No final, a mensagem de Carlos Veiga é optimista. Para o embaixador de Cabo Verde em Washington é possível gerir a questão da deportação nos EUA, mesmo em tempos de incerteza.
A solução é trabalhar num “perspectiva muito global, muito integrada, começando na prevenção” e quando não há hipóteses de evitar uma deportação, “gerir essas situações da melhor maneira possível.”
“Acho que já temos as condições todas para fazer isso”, termina.
Dois ou três milhões
Recorde-se que a expulsão de milhões de imigrantes em situação irregular nos EUA foi uma das bandeiras de campanha do recém-empossado Presidente dos EUA, que num primeiro momento afirmou que iria proceder à deportação de 11 milhões de pessoas. Posteriormente, o então candidato republicado assinalou que a sua prioridade seria deportar os “dois ou três milhões” de clandestinos com problemas com a justiça.
Se o recém-empossado presidente eliminar, por exemplo, os limites que Obama pôs às deportações (restringindo-as, por exemplo, a recém-chegados e pessoas com múltiplas condenações criminais) a deportação aumentará. O LA Times aponta que rapidamente os números aumentariam em 75%, atingindo valores vistos pela última vez em 2012 no final do primeiro mandato de Obama, quando mais de 400 mil pessoas foram deportadas.
No ano passado, o governo Obama (que no total deportou mais pessoas do que o seu antecessor, George W. Bush) deportou “apenas” 235 mil pessoas. Noventa por cento delas terá sido condenada por crimes graves.
O caso gambiano
Desde Outubro do ano passado que a embaixada dos EUA em Banjul, na Gâmbia, deixou de conceder vistos aos “funcionários do governo gambiano, funcionários de certas entidades associadas ao governo, e aos seus cônjuges e filhos, com excepções limitadas”. Em causa estava a recusa do governo desse país em aceitar os 2000 cidadãos que os EUA pretendiam deportar.

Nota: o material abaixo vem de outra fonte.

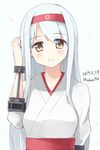 brown_eyes dated hand_on_own_head headband japanese_clothes kantai_collection long_hair looking_at_viewer shoukaku_(kantai_collection) simple_background smile solo sui_(tsuruhibiki) twitter_username upper_body white_background white_hair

Mais concretamente, e conforme adiantou o Departamento de Estado americano, a decisão de proceder à suspensão de vistos foi tomada depois de “várias tentativas de conversação”, e perante a não entrega, por parte da Gâmbia, dos passaportes e outros documentos necessários ao processo de deportação dos cidadãos.
Os EUA informaram ainda que iriam estender a proibição se a Gâmbia não cooperasse. Isso aconteceu numa altura em que se antevia a vitória de presidente Yahya Jammeh nas eleições de 2017.
Entretanto Jammeh foi derrotado nas urnas, pelo que se espera uma nova fase com o novo Chefe de Estado, Adama Barrow.
A suspensão de vistos é uma pena Diplomática que, até à sua aplicação ao governo gambiano, apenas tinha sido accionada uma vez, em 2001, contra a Guiana.
Texto originalmente publicado na edição impressa do nº 791 de 25 de Janeiro de 2016.